Estemos donde estemos los cristianos, en la vida personal como en las actuaciones públicas estamos llamados a ser fieles servidores de la verdad y defensores tenaces de la justicia, convencidos como estamos de que la verdad del hombre y la realidad del mundo de la historia están internamente vinculados por Dios a Jesucristo, único salvador universal. Cuanto más verdadera y más justa sea nuestra sociedad, más cerca estará del reconocimiento de Dios y de Jesucristo. Y cuanto más presente esté la influencia de la fe cristiana en la vida de una sociedad, más humana será y más proporcionada al desarrollo y a la felicidad de todos los hombres.

Es muy importante afirmar que la irreligión, el agnosticismo, el relativismo, no son un postulado necesario para la democracia, ni mejora la condición del hombre. En CVP ya se recoge la tendencia a desconfiar de Dios como enemigo da la libertad, de la ciencia y del progreso. (n.20). Más bien la negación o el olvido de Dios debilita el respeto de la vida humana y el esfuerzo por la creciente dignificación de la vida y de la convivencia.

Mucho menos se puede confundir la democracia, un régimen de libertades, con una política sin referencias morales. Sin un bagaje moral no puede haber vida democrática. El régimen democrático supone la presencia y actuación de hombres libres, ahora bien, la libertad humana necesita moverse en el ámbito de unos valores morales que le ayuden a mantenerse en la verdad y en la búsqueda del verdadero bien. Puede haber personas y grupos que tengan valores diferentes, que entiendan de distinta manera el bien personal y común. En cualquier caso los representantes del pueblo no pueden gobernar sin tener en cuenta y respetar los criterios morales vigentes en la sociedad y en la vida real de los ciudadanos. (CVP nn. 37 y 38).

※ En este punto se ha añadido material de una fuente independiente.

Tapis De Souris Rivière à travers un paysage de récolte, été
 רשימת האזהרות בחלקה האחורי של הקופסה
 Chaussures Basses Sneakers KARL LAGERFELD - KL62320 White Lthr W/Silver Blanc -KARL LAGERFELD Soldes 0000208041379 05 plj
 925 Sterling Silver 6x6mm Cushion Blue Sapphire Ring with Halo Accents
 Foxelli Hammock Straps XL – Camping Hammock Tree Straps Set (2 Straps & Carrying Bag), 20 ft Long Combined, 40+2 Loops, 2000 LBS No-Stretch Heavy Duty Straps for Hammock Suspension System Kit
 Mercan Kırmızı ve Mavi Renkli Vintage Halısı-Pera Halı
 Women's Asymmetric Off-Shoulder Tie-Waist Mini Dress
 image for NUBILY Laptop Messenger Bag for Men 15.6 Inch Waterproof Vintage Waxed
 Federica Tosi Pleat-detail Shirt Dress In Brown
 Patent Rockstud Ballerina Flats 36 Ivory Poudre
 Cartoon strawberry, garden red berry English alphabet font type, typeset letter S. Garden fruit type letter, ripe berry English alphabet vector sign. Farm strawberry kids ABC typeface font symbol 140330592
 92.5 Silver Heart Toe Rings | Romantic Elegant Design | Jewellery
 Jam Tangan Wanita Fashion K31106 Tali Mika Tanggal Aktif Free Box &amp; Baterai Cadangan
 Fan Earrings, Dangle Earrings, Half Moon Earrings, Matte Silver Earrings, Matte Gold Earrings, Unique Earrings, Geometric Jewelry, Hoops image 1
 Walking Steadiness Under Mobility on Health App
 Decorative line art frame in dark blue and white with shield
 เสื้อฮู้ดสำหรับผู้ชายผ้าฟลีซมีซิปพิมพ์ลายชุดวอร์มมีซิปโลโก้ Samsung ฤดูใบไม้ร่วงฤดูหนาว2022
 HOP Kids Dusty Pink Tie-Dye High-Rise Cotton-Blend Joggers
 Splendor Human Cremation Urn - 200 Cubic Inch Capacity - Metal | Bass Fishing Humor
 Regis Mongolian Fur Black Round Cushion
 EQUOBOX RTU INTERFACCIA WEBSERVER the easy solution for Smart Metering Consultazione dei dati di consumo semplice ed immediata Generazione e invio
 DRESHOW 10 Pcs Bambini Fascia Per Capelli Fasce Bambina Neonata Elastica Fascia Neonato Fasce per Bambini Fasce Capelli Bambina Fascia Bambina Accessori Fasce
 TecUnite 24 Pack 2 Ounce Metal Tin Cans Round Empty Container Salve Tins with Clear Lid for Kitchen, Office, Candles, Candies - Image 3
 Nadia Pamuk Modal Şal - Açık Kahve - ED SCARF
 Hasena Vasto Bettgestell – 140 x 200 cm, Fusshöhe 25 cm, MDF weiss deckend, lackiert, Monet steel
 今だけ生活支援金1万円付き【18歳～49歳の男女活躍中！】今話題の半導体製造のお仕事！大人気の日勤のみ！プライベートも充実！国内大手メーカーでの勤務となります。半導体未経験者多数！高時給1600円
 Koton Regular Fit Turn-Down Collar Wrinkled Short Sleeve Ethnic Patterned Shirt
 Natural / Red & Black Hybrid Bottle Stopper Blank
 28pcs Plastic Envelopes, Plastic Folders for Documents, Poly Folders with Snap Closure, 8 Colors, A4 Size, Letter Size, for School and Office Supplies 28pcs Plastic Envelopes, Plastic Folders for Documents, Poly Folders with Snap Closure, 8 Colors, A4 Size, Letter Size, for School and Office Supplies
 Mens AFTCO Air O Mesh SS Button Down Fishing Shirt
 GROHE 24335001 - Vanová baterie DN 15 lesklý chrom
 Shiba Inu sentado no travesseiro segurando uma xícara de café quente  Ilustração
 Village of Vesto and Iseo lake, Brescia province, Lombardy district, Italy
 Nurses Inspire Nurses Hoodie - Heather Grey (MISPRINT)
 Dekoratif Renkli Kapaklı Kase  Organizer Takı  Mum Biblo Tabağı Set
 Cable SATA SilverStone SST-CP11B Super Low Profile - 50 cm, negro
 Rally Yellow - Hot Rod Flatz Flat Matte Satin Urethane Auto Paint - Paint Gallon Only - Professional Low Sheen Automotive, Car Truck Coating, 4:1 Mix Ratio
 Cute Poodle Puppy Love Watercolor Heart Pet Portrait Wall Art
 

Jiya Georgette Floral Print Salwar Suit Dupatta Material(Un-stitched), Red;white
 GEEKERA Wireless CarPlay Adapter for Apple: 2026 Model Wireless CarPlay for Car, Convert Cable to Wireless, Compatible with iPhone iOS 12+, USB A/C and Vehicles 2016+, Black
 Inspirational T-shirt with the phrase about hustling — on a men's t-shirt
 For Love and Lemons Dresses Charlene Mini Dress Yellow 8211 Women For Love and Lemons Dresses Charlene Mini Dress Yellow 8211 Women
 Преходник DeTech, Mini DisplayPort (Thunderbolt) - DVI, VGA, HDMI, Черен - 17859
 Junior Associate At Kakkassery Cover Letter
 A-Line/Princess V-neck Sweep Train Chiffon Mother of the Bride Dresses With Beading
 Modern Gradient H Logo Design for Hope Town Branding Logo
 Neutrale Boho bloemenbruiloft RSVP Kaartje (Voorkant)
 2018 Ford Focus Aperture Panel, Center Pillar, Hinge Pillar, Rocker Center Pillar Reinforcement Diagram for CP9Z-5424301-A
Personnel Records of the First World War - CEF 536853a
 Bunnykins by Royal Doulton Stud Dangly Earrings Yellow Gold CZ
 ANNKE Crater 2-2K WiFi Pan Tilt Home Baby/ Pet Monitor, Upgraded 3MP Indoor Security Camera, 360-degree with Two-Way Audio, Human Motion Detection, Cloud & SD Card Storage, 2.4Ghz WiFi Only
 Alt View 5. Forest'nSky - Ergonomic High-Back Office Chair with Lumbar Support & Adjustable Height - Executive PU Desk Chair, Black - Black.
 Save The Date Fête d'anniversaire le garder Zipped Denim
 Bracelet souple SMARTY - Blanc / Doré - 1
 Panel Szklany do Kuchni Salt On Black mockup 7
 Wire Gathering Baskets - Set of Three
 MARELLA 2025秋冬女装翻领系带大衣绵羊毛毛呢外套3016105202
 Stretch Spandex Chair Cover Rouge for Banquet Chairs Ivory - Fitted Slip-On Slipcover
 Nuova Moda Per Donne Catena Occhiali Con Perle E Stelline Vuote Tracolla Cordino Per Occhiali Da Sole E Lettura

De esta manera la presencia y la intervención de los católicos en la vida pública se convierte en un servicio para el conjunto de la sociedad y en una protección razonable de la vida de los cristianos en el ámbito de la convivencia y de la cultura. “La Iglesia tiene que ser servicio y fermento de comunidad fraterna universal” (D. Antonio Palenzuela en Introducción a CVP, p. 9). Como todo lo que hacen los cristianos en el mundo, la actuación de los cristianos en la política tiene que alimentarse de la comunión espiritual con Cristo, conocido y amado apasionadamente, y tiene que estar ordenado a ir configurando el mundo a la medida de Cristo, para que sea de verdad el mundo de Cristo y el mundo de Dios. Para nosotros está claro que esta la única forma de que llegue a ser un día un mundo fraterno y feliz para todos los hombres. Estos cristianos capaces de vivir su fe en el ejercicio de la política, y capaces de actuar en política como un verdadero ejercicio de fe, amor y esperanza, en clara y tranquila comunión con la Iglesia, incluso con los cristianos que actúan en otras organizaciones, no surgen espontáneamente sino que son el fruto de comunidades cristianas vigorosas, de una formación espiritual ilustrada y profunda. Quizás la atención y la ayuda a esta vocación cristiana y laical es una de las muchas y graves deficiencias que tenemos todavía en nuestra Iglesia.

CONCLUSIÓN

Con todo lo dicho no he querido hacer sino presentar un resumen de la doctrina común de la Iglesia desde el Concilio Vaticano II hasta las últimas enseñanzas del Papa Benedicto XVI que en estos momentos puedan servir de marco y de aliciente para las muchas cosas interesantes que vamos a poder escuchar durante estas Jornadas. Sed todos bienvenidos.